10

27 7 0
                                    

Happy Reading♡

***

Pagi sekali Jay sudah datang kembali kerumah Sara. Semalam dia lebih memilih pulang. Tidak baik tinggal satu atap dengan perempuan yang bukan mahram. Jay datang membawa dua besek bubur ayam untuk ia berikan pada Sara satunya.

Gadis itu tengah duduk di teras rumah masih mengenakan piyama tidur. Memutar handphone dengan matanya yang menatap lingkungan sekitar rumah. Banyak sekali perubahan yang terlihat sangat jelas.

Dimulai dari pohon besar yang kini sudah tidak ada. Lalu diseberang rumah ada lapangan besar yang entah digunakan untuk apa. Dan yang terlihat sangat jelas rumah disamping Sara kini berganti dengan toko besar.

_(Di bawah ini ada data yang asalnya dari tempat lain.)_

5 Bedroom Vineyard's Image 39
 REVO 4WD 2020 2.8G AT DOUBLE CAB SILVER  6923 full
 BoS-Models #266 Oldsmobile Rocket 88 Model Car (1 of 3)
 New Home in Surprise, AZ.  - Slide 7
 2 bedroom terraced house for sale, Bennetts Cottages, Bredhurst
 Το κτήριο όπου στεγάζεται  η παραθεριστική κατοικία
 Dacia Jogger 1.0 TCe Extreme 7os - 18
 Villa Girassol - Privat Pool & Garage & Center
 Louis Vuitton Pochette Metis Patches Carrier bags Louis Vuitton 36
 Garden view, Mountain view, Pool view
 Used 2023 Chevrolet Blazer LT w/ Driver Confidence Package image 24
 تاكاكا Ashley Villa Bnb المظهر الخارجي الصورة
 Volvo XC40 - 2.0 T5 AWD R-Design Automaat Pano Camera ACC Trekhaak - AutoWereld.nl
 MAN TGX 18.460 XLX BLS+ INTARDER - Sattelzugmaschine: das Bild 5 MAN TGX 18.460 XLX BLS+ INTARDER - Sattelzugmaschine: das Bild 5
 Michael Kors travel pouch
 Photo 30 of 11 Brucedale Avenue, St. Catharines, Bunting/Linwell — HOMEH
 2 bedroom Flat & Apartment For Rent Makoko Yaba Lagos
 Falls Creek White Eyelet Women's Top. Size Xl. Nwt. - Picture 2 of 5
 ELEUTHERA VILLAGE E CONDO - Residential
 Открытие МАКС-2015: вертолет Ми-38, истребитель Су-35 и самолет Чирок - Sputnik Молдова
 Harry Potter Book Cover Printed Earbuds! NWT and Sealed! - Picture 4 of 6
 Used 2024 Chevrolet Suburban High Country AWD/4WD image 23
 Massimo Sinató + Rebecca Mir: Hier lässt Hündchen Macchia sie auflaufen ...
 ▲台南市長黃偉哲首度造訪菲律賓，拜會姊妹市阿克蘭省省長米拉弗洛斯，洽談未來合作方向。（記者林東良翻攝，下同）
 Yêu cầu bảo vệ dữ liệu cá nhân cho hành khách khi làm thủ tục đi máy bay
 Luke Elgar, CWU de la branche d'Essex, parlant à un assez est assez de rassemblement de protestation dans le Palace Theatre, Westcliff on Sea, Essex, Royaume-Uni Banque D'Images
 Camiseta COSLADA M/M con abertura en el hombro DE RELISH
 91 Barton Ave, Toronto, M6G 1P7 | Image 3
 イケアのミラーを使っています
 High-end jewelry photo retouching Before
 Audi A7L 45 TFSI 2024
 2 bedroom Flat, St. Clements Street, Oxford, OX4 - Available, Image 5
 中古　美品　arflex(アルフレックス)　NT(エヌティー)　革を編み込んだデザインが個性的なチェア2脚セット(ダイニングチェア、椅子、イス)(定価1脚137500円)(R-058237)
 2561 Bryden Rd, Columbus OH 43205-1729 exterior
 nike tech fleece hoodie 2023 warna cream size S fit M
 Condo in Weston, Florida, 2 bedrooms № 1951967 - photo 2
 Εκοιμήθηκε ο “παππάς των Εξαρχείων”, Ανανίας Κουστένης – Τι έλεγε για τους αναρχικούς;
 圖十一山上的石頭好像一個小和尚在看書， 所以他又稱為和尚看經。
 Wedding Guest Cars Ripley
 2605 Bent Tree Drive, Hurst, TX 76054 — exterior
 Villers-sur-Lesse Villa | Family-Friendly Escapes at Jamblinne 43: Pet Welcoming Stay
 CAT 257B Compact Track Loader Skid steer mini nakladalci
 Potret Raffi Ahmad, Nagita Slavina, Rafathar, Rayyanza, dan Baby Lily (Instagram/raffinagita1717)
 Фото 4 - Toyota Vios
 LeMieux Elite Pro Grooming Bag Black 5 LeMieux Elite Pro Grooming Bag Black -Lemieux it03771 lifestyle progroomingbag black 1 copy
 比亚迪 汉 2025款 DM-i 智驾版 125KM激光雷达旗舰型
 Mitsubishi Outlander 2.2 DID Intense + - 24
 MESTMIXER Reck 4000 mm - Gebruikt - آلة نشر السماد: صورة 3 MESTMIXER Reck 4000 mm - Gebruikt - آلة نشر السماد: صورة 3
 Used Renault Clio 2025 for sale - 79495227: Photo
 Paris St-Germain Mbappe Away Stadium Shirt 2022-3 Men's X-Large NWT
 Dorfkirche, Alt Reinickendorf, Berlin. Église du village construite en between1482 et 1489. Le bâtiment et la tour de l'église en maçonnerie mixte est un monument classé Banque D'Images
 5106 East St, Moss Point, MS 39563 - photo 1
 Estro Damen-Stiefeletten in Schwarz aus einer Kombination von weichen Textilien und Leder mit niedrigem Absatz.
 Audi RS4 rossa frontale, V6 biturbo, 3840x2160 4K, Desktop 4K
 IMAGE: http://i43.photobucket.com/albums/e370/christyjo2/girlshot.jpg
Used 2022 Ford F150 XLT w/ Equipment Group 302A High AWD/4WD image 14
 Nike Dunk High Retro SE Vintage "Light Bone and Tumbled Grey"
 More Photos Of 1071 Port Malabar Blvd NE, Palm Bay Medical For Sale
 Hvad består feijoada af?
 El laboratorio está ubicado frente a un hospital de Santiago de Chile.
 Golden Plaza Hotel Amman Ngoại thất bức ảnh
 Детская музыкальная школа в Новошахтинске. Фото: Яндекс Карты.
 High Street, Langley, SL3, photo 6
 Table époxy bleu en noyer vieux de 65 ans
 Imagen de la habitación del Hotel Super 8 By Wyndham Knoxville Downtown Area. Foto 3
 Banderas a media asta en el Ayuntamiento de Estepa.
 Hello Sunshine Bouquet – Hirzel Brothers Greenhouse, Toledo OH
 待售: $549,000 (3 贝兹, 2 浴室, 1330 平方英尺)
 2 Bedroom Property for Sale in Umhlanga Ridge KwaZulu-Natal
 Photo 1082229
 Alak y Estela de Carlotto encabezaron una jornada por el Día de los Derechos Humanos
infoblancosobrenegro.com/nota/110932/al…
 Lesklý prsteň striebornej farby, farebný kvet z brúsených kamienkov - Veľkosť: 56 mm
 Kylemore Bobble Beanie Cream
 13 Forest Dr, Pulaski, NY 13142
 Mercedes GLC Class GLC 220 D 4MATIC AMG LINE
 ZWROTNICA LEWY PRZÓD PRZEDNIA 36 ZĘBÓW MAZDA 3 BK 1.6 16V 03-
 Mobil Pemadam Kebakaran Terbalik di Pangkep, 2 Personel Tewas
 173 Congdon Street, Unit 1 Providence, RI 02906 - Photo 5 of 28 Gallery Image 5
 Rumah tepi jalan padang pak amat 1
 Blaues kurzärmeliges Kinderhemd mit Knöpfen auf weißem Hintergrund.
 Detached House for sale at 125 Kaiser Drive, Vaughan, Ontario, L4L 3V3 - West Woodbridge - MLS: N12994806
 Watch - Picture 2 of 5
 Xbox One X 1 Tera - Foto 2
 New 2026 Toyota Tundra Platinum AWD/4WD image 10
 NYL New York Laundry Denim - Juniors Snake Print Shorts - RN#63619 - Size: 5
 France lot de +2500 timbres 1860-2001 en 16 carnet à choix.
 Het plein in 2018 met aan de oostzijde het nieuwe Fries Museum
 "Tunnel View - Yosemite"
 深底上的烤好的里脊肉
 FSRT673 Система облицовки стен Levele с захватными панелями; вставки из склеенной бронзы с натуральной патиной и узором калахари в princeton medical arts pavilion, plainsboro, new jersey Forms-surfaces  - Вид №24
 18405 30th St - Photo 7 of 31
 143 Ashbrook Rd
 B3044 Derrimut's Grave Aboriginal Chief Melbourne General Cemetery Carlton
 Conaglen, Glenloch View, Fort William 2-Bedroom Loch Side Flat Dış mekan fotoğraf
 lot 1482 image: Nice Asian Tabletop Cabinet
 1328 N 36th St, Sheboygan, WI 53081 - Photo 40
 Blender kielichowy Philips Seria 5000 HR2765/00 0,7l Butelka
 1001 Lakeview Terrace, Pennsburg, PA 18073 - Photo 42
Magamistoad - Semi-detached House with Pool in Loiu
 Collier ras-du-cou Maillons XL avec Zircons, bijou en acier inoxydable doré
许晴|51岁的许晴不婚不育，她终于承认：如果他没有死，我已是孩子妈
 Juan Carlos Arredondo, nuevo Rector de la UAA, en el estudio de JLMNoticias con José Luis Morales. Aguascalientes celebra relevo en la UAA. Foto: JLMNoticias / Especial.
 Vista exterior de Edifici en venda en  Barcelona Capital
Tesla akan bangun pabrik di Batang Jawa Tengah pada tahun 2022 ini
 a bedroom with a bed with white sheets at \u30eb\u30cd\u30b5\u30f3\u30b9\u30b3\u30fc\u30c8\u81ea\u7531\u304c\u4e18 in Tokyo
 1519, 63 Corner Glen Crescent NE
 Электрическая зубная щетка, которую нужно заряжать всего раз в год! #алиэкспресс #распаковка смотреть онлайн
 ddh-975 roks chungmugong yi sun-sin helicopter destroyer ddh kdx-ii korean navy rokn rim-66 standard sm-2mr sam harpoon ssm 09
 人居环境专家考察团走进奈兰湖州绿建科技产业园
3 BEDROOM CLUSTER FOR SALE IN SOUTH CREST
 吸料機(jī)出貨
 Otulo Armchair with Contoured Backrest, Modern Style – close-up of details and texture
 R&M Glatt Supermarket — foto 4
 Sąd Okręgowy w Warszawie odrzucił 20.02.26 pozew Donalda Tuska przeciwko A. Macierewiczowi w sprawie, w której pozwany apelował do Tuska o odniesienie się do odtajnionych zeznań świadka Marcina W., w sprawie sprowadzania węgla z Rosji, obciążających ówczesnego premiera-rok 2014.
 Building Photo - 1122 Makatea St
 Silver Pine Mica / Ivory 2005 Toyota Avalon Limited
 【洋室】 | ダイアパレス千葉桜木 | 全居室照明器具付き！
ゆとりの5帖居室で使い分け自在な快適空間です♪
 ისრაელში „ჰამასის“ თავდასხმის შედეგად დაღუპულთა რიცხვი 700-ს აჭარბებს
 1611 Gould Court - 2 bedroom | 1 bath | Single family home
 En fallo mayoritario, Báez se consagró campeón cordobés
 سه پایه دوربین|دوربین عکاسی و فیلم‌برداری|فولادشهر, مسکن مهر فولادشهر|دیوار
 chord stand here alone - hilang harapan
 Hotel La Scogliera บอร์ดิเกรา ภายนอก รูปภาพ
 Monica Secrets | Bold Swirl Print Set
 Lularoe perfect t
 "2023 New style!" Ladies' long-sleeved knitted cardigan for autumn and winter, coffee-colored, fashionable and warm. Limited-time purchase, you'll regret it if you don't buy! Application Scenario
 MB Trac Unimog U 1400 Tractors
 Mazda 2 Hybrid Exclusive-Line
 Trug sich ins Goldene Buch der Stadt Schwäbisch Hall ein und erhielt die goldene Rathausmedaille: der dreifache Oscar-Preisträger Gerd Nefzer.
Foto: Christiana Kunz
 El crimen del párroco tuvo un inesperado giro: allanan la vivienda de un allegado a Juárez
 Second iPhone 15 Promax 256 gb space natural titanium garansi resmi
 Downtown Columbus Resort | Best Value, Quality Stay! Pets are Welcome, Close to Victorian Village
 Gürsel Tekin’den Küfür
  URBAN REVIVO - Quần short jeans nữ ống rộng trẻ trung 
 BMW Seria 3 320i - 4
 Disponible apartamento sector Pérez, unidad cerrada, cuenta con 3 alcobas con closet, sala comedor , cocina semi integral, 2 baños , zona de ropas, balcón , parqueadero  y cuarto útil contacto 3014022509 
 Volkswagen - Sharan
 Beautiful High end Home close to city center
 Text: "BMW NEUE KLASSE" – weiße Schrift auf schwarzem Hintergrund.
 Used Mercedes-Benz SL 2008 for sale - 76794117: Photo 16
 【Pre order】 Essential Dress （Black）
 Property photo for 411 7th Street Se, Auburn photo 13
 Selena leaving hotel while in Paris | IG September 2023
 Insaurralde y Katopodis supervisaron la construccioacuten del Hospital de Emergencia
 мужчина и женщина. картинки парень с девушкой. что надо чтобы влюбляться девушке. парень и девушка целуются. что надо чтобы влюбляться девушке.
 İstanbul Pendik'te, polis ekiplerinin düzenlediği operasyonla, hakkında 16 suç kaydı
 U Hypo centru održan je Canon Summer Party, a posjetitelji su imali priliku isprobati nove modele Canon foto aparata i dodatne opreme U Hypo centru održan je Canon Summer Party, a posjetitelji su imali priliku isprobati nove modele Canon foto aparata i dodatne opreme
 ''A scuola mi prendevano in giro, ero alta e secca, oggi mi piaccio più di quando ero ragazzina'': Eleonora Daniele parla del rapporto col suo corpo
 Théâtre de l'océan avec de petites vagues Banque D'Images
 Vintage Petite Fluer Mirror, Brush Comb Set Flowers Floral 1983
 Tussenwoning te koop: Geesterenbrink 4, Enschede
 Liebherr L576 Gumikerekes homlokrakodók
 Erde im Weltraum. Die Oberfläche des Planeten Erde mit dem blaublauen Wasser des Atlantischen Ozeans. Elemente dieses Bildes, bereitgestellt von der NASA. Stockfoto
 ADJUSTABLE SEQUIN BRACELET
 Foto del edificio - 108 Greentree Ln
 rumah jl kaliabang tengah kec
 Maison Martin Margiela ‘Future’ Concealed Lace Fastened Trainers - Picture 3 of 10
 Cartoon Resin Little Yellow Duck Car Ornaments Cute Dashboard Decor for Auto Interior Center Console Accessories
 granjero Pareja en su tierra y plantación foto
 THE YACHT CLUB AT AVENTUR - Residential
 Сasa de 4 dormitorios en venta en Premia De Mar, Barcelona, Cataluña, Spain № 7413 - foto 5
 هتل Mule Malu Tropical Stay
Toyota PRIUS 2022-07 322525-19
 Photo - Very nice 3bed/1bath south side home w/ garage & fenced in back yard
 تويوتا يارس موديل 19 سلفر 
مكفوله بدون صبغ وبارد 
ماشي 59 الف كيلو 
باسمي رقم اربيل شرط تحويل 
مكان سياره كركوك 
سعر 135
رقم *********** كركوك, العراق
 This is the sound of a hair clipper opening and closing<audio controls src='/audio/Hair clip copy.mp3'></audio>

"Anak perawan jam segini masih pakai baju tidur. Pasti belum mandi, ya?" tanya Jay meledek. Menghancurkan lamunan Sara.

"Assalamualaikum dulu, Jay, kalau dateng rumah orang. Kebiasaan, nih. Ku laporin sama Tante Via tau rasa!"

"Dih, udah gede masih ngadu," cibirnya. "Iya, waalaikumsalam."

Karena Sara tahu bubur ayam yang dibawa Jay untuknya, Sara langsung mengambil salah satunya tanpa bicara. Mood nya pagi ini sudah baik. Lagipula tidak baik menyimpan kesedihan begitu lama. Ia ingin coba untuk belajar mengikhlaskan. Karena menangis pun tidak bisa mengembalikan Yuni.

"Sar, tinggal di Jakarta enak gak? Kalau enak aku mau ikut pindah."

"Mau ikut pindah?" tanya Sara mengulang. Sedangkan Jay mengangguk menjawab. "Yaudah, aku jawab gak enak. Biar kamu gak ngikut!"

Kalau sedih kasian, tapi kalau lagi bahagia nyebelin. Pikir Jay. "Jahat!"

Sara terkekeh. "Ya, lagian ngapain si ikut ke Jakarta segala? Udahlah disini aja. Kayaknya kalau udah lulus sekolah disana aku bakal balik lagi kesini. Atau pas kenaikan kelas nanti kalau perlu. Biar aku bisa jagain kakek disini."

"Bagus. Gitu, dong, biar aku ada temen yang gila kayak kamu," ujar Jay.

Karena didalam mulutnya ada bubur yang sedang ia makan, Sara hanya mengangkat satu jempol kanannya saja.

"Sar," panggil Jay.

"Hm."

"Semalem orang tua kamu ke rumah kakek."

Sara berhenti mengunyah. Menatap Jay tidak percaya. Selama beberapa detik ia terdiam terpaku. Kalau memang iya, mengapa ia tidak melihat atau merasakan kehadiran mereka dirumah ini? Ini rumah mereka. Bukankah seharusnya mereka juga pulang kesini?

"Dirumah kakek semalem ribut gara-gara mamah kamu langsung pulang beberapa menit setelah datang. Dia ribut sama Tante Naya," jelas Jay melanjutkan.

"Kamu liat mereka, Jay?"

Jay menggeleng. "Nggak, itu aku diceritain sama Arian. Dia yang liat."

Kedua bahu Sara merosot lemas. Kalau tahu kejadiannya akan seperti itu, ia menyesal harus pulang semalam. Kalau saja ia tetap tinggal disana, mungkin akan ada kesempatan ia melihat sang ibu dan ayah.

"Sar," panggil Jay merasa sepupunya itu tidak baik-baik saja. "Perlahan, kubur, ya, rasa ingin ketemu. Karena semakin kamu berharap, malah semakin sakit. Kata Arian, kemarin mereka datang dalam keadaan baik-baik aja. Sedangkan kamu disini? Banyak perubahan, Sar. Kamu udah kehilangan diri kamu sendiri."

Mengenal Sara sedari kecil, Jay sangat tahu bagaimana karakter Sara. Hingga kedua orang tua Sara pergi, kebahagiaan Sara pun ikut pergi. Sara menjadi gadis pendiam yang kurang bersosialisasi. Ekspresi bahagia anak itu hanya akan ditujukan untuk orang-orang yang ia kenal saja. Berbeda dengan dulu, dimana gadis itu selalu menebar senyuman kepada siapapun.